The goal of this article is therefore to review a series of GIS-based archaeological projects, presenting different approaches and results, mostly taken from the geographical context of southern Europe, and to try to evaluate, in an objective way, which are the pros and cons, and the problems involved. Instead of presenting just one case study, we prefer to refer to a selection of good examples and some personal experience.

Key Terms in this Chapter

Spatial Data Analysis: A set of techniques, ranging from those of the statistics to those of locational modeling, that allows statistical tests of spatial data and analyzes their patterns of distribution.

Landscape Archaeology: Branch of archaeology that aims at the historical reconstruction of settlement dynamics and settlement patterns, resources exploitation modalities and ecological transformation in the course of time, and traces sequences of interactions between human occupation and environmental phenomena.

DEM/DTM: Digital elevation and digital terrain models of the earth surface, that take into account not only the topographic height of the terrain (normally expressed in meters above sea level) but also any variation over the land surface. Most of DEM and DTM are produced extracting and processing the contour and height information in topographical maps and aerial photography, but any measurable landform and any physical characteristic of a landscape can be elaborated in a DTM (e.g., pottery distributions or land-division elements).

Cultural Resource Management (CRM): The entire set of operations involved in investigating, recording, handling and protecting the Cultural Heritage by a series of institutions, agencies, associations, administrators and individuals. CRM is nowadays intended in a wider meaning, as it includes not only artifacts and monumental structures but also all the traces that the past has left in and around the human habitat.

GIS: A geographic information system or geographical information system (GIS) is, in the strictest sense, a computer-based technology for acquisition, storage, integration, manipulation and analysis of spatial data and associated attributes.

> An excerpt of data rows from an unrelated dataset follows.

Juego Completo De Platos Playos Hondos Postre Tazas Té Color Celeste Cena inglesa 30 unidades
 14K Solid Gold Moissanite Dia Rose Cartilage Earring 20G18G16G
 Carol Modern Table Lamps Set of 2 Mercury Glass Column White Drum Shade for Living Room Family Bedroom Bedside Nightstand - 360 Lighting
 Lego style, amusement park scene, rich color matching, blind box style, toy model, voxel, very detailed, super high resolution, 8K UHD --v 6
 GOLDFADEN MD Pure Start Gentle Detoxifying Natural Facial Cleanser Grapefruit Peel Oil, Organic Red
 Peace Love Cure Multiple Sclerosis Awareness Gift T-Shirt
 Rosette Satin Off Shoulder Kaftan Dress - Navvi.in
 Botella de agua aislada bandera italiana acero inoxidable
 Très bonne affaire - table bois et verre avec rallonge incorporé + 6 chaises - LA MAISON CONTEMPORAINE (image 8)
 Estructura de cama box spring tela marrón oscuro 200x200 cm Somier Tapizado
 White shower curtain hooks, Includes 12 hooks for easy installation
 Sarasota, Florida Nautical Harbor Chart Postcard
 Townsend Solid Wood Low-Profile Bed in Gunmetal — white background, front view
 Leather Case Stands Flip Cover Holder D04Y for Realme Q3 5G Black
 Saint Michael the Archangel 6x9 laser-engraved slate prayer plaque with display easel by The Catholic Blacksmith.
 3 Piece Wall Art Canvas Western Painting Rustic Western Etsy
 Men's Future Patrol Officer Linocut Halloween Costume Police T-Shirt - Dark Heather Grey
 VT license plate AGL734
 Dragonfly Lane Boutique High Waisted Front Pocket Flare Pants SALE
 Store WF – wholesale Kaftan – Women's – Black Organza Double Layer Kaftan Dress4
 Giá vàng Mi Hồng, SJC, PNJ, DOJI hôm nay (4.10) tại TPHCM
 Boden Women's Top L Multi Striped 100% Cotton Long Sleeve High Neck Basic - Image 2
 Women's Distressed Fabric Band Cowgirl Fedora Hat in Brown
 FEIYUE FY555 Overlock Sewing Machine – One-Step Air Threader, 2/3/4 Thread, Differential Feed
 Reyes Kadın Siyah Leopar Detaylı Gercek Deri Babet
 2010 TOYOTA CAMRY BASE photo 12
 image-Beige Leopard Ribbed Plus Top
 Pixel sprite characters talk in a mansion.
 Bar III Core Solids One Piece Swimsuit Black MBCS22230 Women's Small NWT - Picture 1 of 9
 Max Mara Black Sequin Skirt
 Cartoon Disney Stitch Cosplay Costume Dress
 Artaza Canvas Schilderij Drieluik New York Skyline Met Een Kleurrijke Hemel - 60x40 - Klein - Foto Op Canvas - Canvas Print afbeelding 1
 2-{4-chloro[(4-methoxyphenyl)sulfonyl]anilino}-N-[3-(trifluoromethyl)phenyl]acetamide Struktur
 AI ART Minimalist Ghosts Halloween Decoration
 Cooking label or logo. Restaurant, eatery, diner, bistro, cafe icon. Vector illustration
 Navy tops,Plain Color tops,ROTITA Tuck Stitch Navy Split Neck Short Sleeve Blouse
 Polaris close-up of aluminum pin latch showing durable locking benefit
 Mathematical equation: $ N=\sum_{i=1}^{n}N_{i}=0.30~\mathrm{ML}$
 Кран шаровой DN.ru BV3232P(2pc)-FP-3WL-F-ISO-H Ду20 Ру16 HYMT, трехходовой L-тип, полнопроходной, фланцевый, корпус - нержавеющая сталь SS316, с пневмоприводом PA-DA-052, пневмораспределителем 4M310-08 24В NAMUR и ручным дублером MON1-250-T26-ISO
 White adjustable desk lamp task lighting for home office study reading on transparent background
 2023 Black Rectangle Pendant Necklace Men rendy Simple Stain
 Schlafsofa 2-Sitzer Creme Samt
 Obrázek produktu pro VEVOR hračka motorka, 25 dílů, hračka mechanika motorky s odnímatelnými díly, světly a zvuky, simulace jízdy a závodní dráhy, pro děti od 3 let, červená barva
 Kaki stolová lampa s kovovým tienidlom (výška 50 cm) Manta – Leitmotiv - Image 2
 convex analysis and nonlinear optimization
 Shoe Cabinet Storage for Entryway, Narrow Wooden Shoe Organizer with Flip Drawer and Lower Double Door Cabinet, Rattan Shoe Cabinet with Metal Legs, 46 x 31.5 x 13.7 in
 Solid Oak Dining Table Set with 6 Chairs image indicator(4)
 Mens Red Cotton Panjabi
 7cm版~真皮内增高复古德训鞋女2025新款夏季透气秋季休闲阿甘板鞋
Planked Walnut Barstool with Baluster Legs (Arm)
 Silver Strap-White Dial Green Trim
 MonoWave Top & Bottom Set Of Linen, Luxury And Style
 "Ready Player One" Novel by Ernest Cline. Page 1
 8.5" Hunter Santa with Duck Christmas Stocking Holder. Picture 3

In a more generic sense, GIS is not only a system that presents information about geographic space, but mostly a tool that allows users to create interactive queries (user created searches), analyze the spatial information, and edit data.

GPS: The global positioning system (GPS) is a worldwide radio-navigation system formed from a constellation of 24 orbiting satellites (US Department of Defense) and their ground stations. GPS receivers, nowadays sufficiently reliable, easily transportable and reasonably priced, exchange radio signals with the satellites that are orbiting above the area concerned, and estimate the coordinates position whose accuracy varies of the orders of meters or even centimeters.

Survey and Sampling: archaeological practice aiming at systematically recording archaeological sites and elements that are still perceptible on the terrain, under the form of still visible structural remains, earthworks or scattered artifacts. Survey is a fundamental investigative method of Landscape Archaeology, aiming to collect data about ancient settlement distribution and to locate unknown archaeological sites and features without recourse to excavation. Given the usual extension of the area to cover, only few sectors of it could be sampled or selected by means of random choice or a complex statistical analysis.

CAD (Computer Aided/Assisted Design/Drawing): Vector-based software that assembles data consisting in points, lines, volumes and instructions. Images (plans, maps, drawings, axonometric views, etc.) are built within a referencing coordinates system and data are usually displayed in layers. That permits rotation, inversion, panning, zooming and navigation thought the structures. As since the late 1980’s CAD has developed three-dimension functionalities, the mark-line between Computer Design and other three-dimensional modeling programs has started to blur.